[Short web captions]
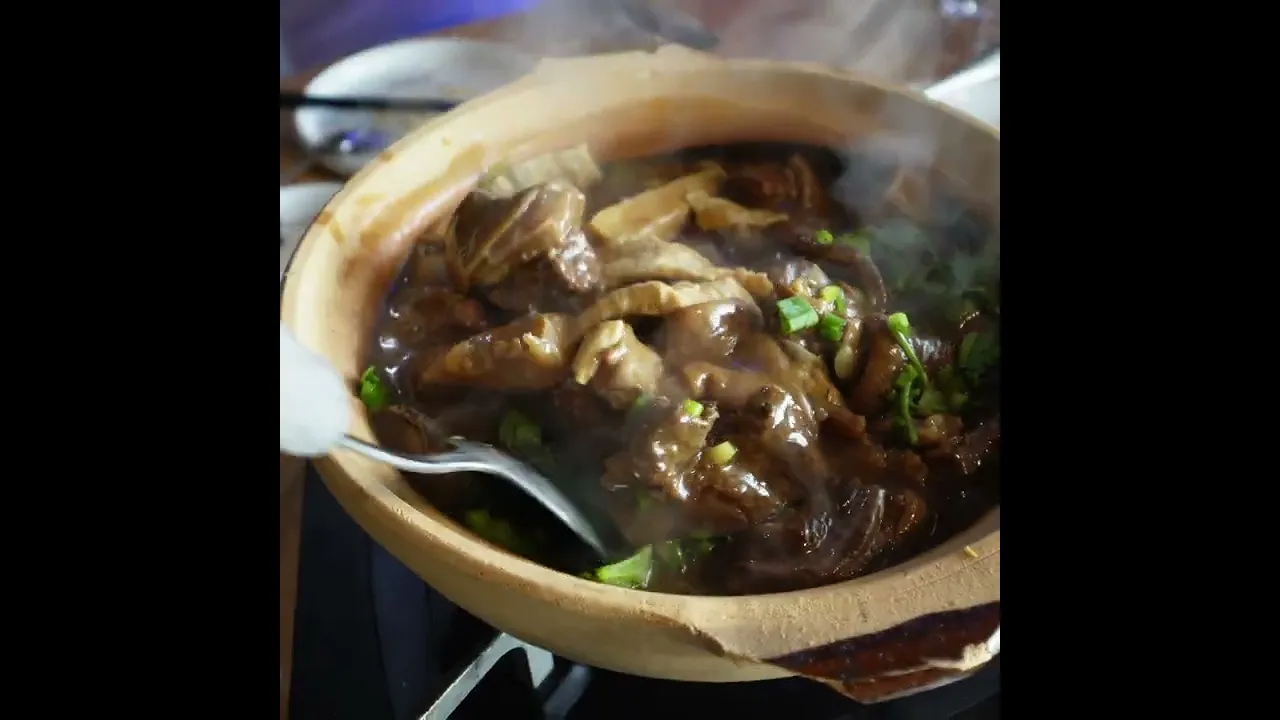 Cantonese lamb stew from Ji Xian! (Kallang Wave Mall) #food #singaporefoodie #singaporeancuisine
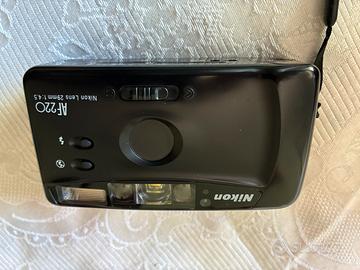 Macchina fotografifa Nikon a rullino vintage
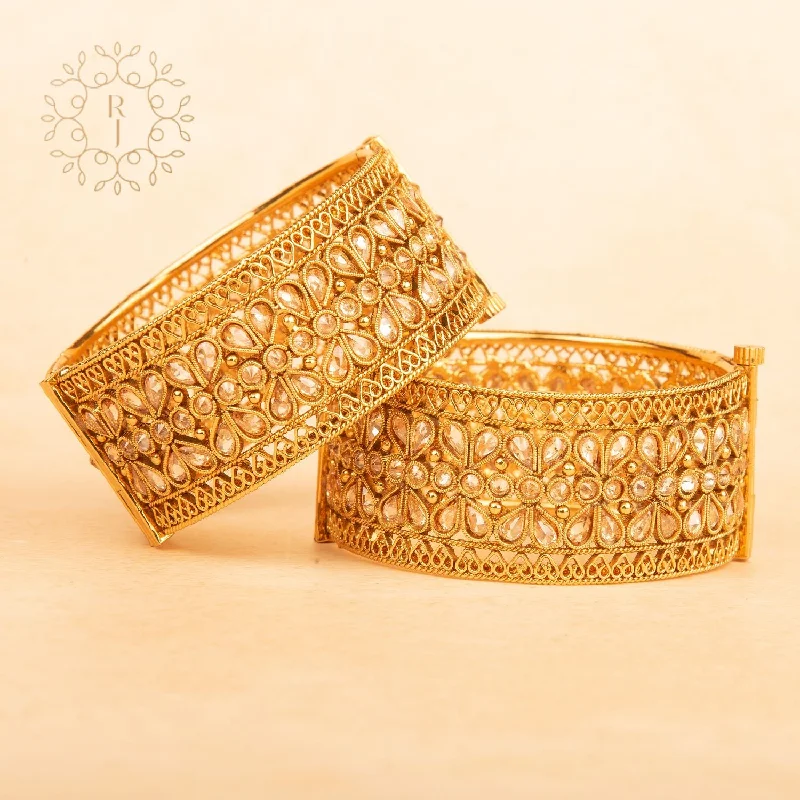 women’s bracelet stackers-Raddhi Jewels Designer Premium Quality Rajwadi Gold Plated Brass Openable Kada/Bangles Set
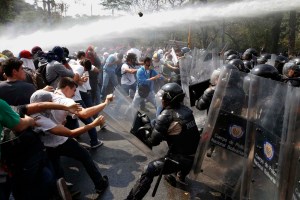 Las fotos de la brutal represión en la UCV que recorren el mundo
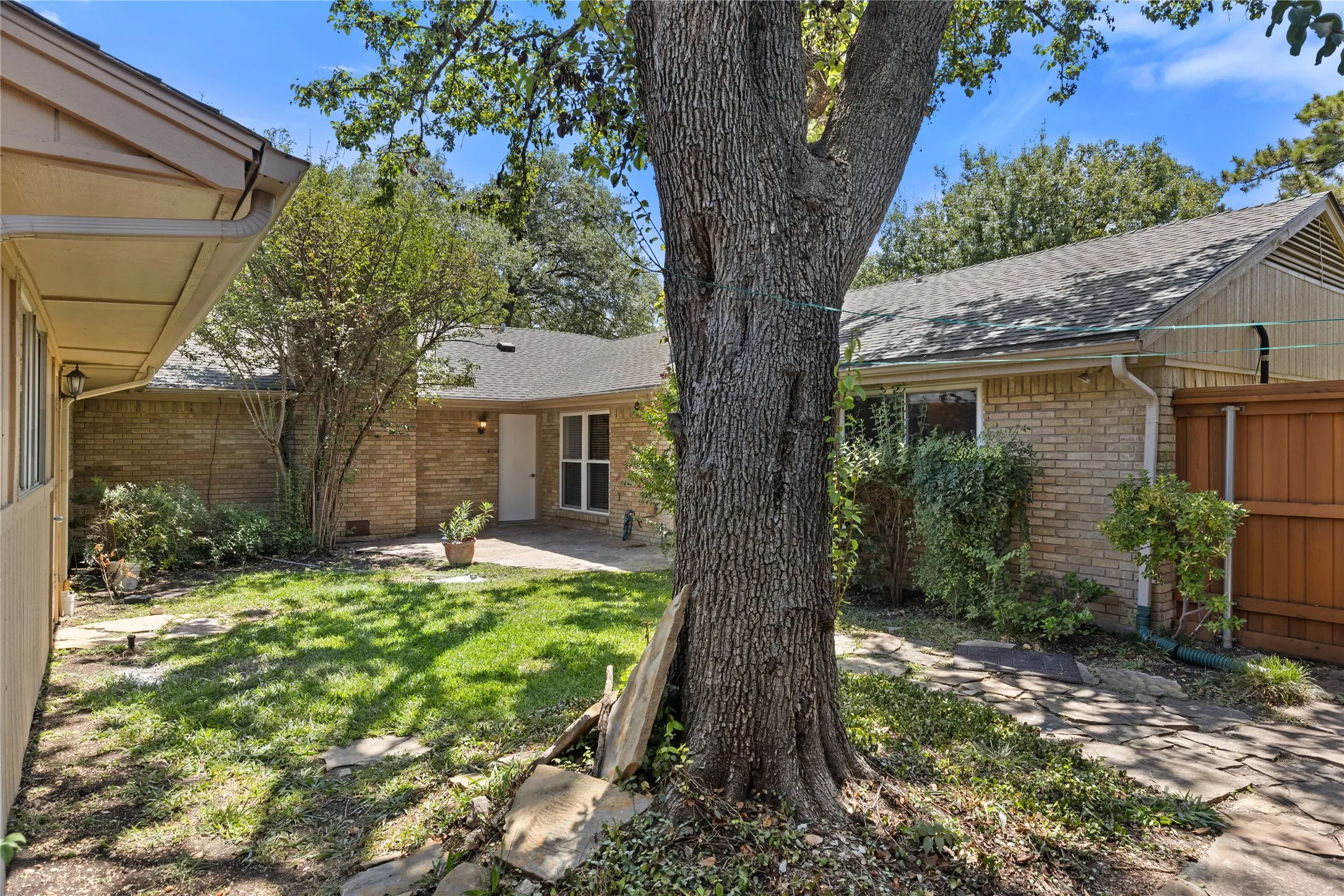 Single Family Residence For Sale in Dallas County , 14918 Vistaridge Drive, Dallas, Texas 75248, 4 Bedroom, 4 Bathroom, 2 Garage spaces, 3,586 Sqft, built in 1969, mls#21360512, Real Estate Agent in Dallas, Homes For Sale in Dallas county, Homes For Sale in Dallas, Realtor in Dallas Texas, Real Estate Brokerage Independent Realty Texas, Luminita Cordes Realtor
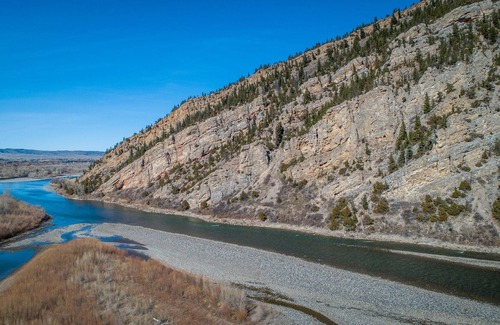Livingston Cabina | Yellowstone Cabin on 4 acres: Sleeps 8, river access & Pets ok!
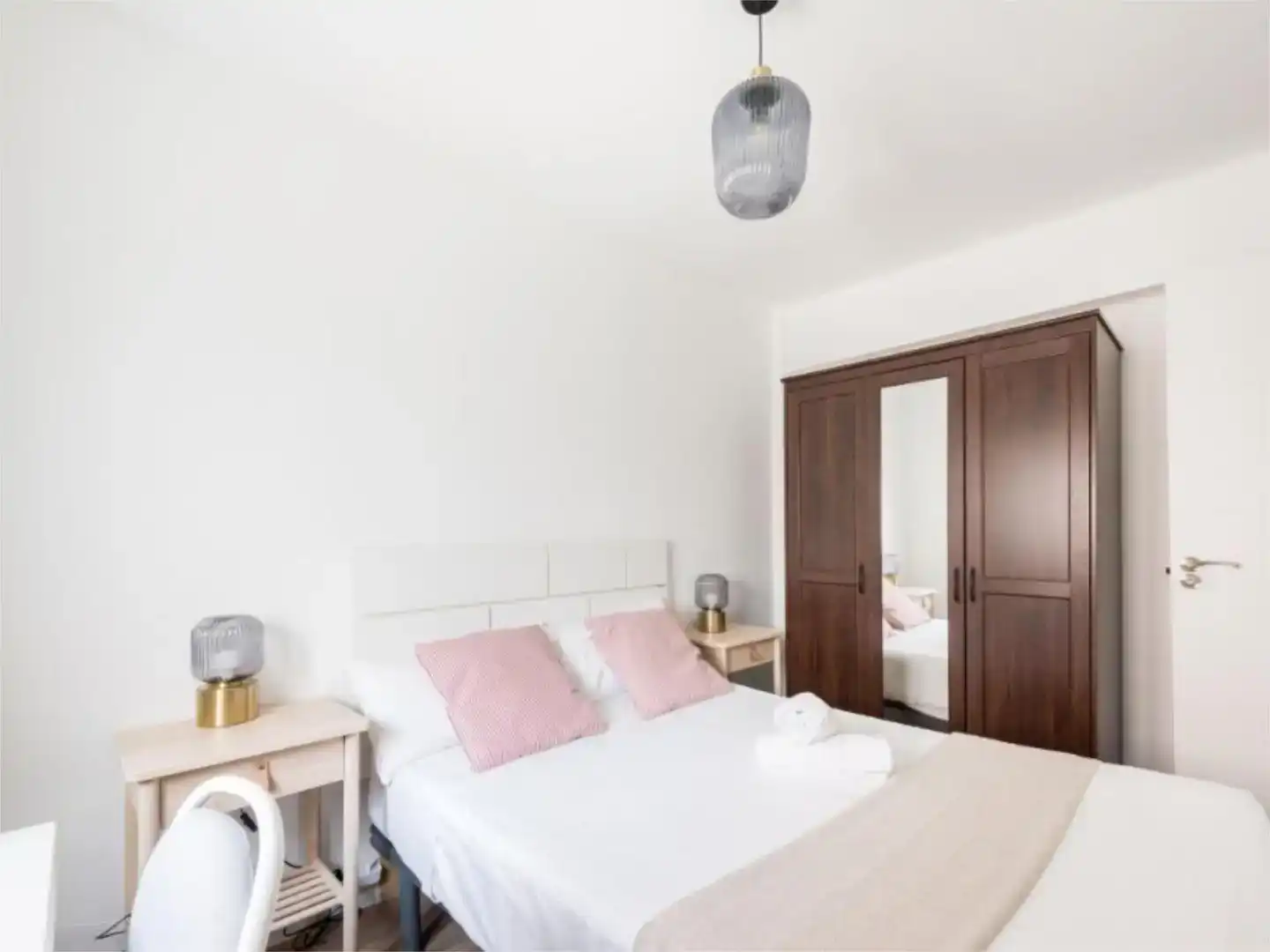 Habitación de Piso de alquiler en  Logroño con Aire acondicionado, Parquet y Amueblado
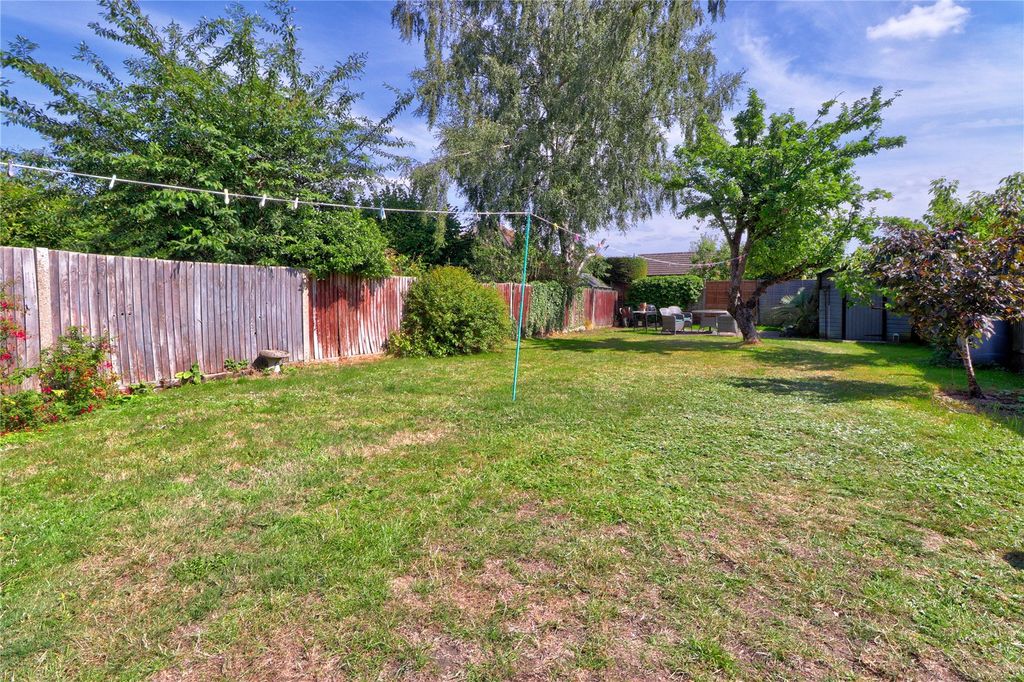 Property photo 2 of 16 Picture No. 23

▸ EXERCISE INSTRUCTIONS: Beginning at the line with "Habitación de Piso", reproduce word for word each line through the last line of the records. Include both ends but no pictures.

▸ ANSWER SPACE:
 Habitación de Piso de alquiler en  Logroño con Aire acondicionado, Parquet y Amueblado
 Property photo 2 of 16 Picture No. 23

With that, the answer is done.